◆ WHAT YOU WILL DO: From the data below, copy each line that includes the word "yellow".

◆ DATA SECTION:

--

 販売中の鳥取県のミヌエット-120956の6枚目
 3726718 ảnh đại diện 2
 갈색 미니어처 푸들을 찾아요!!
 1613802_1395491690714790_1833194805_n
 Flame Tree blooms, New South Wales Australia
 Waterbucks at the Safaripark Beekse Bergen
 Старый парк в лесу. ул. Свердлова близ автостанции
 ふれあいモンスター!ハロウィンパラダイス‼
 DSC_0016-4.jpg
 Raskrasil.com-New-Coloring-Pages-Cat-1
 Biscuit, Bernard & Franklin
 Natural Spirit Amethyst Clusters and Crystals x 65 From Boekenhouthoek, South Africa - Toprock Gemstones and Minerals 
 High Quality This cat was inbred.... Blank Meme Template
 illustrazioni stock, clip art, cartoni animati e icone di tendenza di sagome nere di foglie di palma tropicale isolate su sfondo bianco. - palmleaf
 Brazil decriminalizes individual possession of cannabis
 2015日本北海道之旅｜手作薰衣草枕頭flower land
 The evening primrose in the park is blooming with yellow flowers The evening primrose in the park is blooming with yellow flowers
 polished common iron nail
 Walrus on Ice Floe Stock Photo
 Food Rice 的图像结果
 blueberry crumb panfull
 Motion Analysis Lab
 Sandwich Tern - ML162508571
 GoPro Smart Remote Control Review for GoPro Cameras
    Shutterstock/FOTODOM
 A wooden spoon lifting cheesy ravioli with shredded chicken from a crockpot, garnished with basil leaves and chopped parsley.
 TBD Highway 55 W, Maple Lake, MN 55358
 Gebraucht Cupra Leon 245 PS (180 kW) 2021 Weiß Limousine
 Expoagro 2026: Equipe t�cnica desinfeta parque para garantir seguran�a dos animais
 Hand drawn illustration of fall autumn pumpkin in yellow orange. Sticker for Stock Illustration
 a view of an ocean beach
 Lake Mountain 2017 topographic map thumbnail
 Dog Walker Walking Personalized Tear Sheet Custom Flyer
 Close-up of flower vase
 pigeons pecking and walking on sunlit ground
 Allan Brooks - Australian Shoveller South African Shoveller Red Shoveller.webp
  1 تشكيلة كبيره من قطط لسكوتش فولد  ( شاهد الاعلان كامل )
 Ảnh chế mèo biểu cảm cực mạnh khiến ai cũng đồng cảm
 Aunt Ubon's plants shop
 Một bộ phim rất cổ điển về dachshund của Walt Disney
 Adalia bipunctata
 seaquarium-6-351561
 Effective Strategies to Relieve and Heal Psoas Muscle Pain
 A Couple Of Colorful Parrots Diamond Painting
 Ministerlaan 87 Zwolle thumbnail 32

--

◆ SOLUTION TO THIS EXERCISE:
 The evening primrose in the park is blooming with yellow flowers The evening primrose in the park is blooming with yellow flowers
 Hand drawn illustration of fall autumn pumpkin in yellow orange. Sticker for Stock Illustration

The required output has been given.